I know people who got papers in Nature or Science during their PhD posts. In astrophysics, people regularly get four-five peer-reviwed papers over the course of a PhD because it's a publication-heavy area. A single Nature or Phys Rev citation is worth a lot more than five conferences you attended. I probably won't publish more than a couple of papers in my field, but I'm not expected to as some of it is commercially sensitive (though I may get a patent out of it instead - and more importantly, a job!).

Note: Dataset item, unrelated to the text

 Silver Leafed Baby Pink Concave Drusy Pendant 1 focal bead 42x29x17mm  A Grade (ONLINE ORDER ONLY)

At the end of the day, does it matter? Very few PhD students are genuinely top tier. Most of us are happy making a dent in our little niche and will probably get comfortable jobs afterwards. Unfortunately things inevitably become a slanging match :(


This is a big US/EU cultural difference in CS. In American CS, in many sub-areas, conferences are considered the top place to publish: CHI, SIGGRAPH, NIPS, etc. are basically the most prestigious place to publish, and are frequently cited. In some areas the journals are actually less prestigious: there is no HCI journal that matches ACM CHI's impact factor or name recognition. And many AI journals are considered worse then AAAI or IJCAI as publication venues (though JMLR and JAIR are well-respected journals).

But in Europe, it's more similar to the way it is in other fields in the US, such as physics: conferences are considered a fine place to present small bits of work, or work in progress, but not a proper archival publication for major results, which should go in journals. Journal articles get the main prestige and are what's expected on a CV, and citations to journals are strongly preferred over citations to proceedings.

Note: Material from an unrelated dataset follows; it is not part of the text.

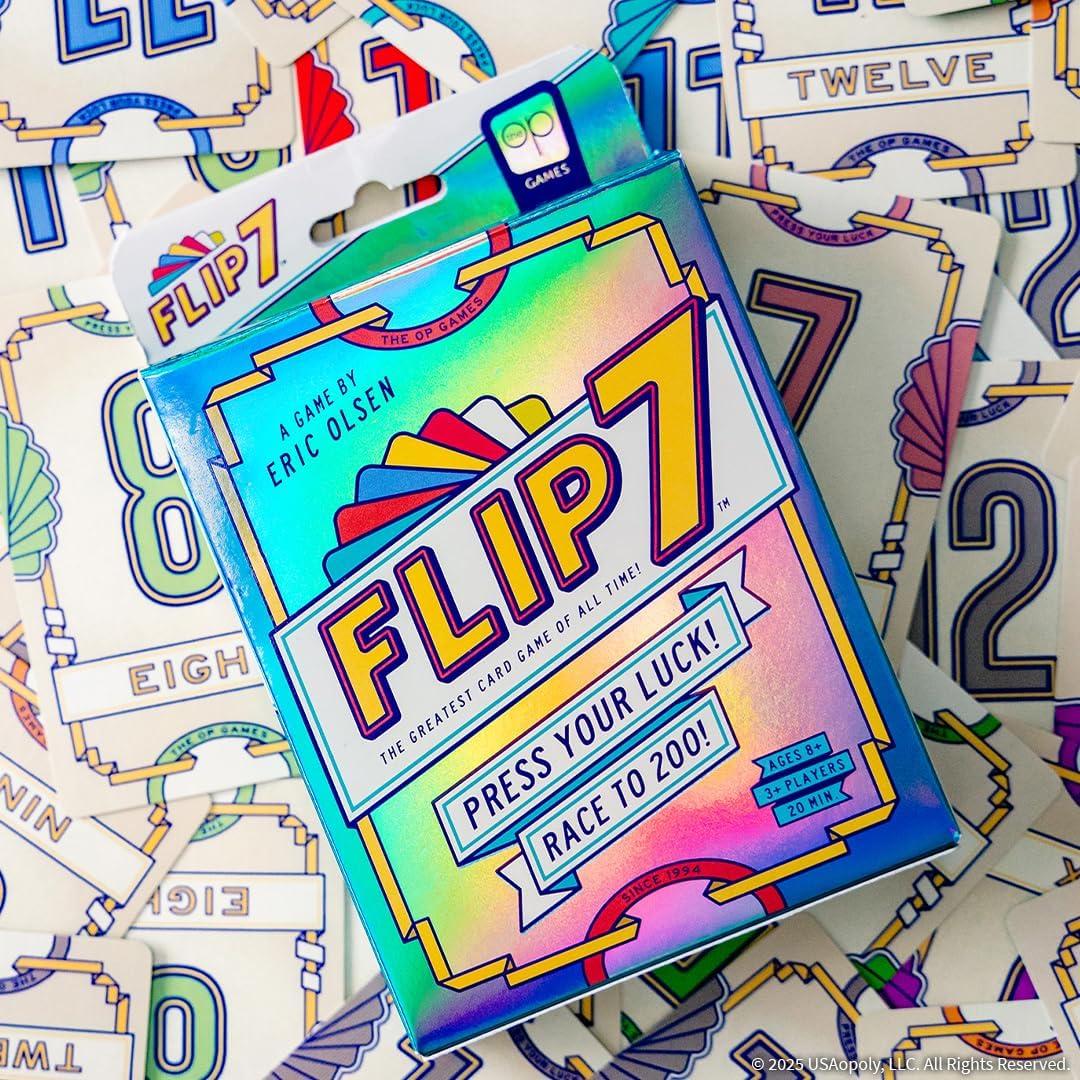 Juego de Cartas Flip 7 USAopoly - Estrategia y Suerte, 3+ Jugadores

This leads to an interesting situation where some prominent tenured professors in the U.S. would be weak candidates for European faculty positions, and vice versa.


Hence why I mentioned in my field, often the top publications are in ICCV/CPVR/SIGGRAPH and these are valued a lot more than many journals. As most of the work I review falls under computer science, I read a lot of highly cited conference papers. I'm also

I did get the impression that people tended to republish really 'big' results in places like IJCV or TPAMI. But, coming from a physics/UK background I guess I'm sufficiently biased towards journals!

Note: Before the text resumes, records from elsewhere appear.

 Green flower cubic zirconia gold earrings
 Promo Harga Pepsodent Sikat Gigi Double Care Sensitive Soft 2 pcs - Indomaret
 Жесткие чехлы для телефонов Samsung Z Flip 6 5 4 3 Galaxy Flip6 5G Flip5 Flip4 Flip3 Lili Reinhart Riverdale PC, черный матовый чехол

Stuff like this is why people hate academia. Its research, its not a pissing contest. What are you trying to accomplish here?


Well. The original question author did ask for "proof" that people get more stuff done during a US phd vs a UK one.


In Europe you typically need a masters degree before you start a PhD program. In the US you don't - you can think of it as a 2+3 type program where you spend the first couple of years taking classes (and getting your masters) and the next three doing your thesis.


I always thought part of the reason was that students in the US basically spend 2 years in their undergraduate degree taking general courses. So US graduate students spend the first few years taking graduate courses rather jumping straight into research. There's lag. That's just my own speculation though.